(SUPPLIED DATA):

*** Begin section ***

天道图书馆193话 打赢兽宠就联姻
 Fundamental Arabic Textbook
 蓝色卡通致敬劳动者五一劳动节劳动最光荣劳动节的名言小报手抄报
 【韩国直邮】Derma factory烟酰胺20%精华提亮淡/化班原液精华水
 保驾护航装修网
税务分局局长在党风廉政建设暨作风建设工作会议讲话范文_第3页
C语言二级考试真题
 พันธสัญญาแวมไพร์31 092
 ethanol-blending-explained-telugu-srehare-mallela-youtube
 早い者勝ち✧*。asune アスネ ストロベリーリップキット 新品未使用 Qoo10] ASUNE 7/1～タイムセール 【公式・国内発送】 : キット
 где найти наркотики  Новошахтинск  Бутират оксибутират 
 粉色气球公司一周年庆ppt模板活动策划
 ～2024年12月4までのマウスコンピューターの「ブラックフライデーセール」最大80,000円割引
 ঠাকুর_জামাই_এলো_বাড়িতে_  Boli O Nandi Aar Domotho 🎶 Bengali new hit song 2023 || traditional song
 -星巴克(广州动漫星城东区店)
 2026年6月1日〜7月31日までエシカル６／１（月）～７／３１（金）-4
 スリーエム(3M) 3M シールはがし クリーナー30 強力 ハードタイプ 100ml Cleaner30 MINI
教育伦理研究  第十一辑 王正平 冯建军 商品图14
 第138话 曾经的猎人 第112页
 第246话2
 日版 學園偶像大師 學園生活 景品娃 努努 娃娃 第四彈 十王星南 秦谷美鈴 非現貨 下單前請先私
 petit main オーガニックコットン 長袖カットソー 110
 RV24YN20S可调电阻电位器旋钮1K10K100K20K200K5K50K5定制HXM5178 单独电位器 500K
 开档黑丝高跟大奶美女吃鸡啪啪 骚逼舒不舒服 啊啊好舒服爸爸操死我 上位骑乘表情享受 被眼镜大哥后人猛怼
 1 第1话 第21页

*** End section ***

(WHAT YOU SHOULD DO): Respond with the exact lines running from the one that contains "Fundamental Arabic Textbook" through the last line of the data above, and no other lines.

(ANSWER FOR THE TASK):
 Fundamental Arabic Textbook
 蓝色卡通致敬劳动者五一劳动节劳动最光荣劳动节的名言小报手抄报
 【韩国直邮】Derma factory烟酰胺20%精华提亮淡/化班原液精华水
 保驾护航装修网
税务分局局长在党风廉政建设暨作风建设工作会议讲话范文_第3页
C语言二级考试真题
 พันธสัญญาแวมไพร์31 092
 ethanol-blending-explained-telugu-srehare-mallela-youtube
 早い者勝ち✧*。asune アスネ ストロベリーリップキット 新品未使用 Qoo10] ASUNE 7/1～タイムセール 【公式・国内発送】 : キット
 где найти наркотики  Новошахтинск  Бутират оксибутират 
 粉色气球公司一周年庆ppt模板活动策划
 ～2024年12月4までのマウスコンピューターの「ブラックフライデーセール」最大80,000円割引
 ঠাকুর_জামাই_এলো_বাড়িতে_  Boli O Nandi Aar Domotho 🎶 Bengali new hit song 2023 || traditional song
 -星巴克(广州动漫星城东区店)
 2026年6月1日〜7月31日までエシカル６／１（月）～７／３１（金）-4
 スリーエム(3M) 3M シールはがし クリーナー30 強力 ハードタイプ 100ml Cleaner30 MINI
教育伦理研究  第十一辑 王正平 冯建军 商品图14
 第138话 曾经的猎人 第112页
 第246话2
 日版 學園偶像大師 學園生活 景品娃 努努 娃娃 第四彈 十王星南 秦谷美鈴 非現貨 下單前請先私
 petit main オーガニックコットン 長袖カットソー 110
 RV24YN20S可调电阻电位器旋钮1K10K100K20K200K5K50K5定制HXM5178 单独电位器 500K
 开档黑丝高跟大奶美女吃鸡啪啪 骚逼舒不舒服 啊啊好舒服爸爸操死我 上位骑乘表情享受 被眼镜大哥后人猛怼
 1 第1话 第21页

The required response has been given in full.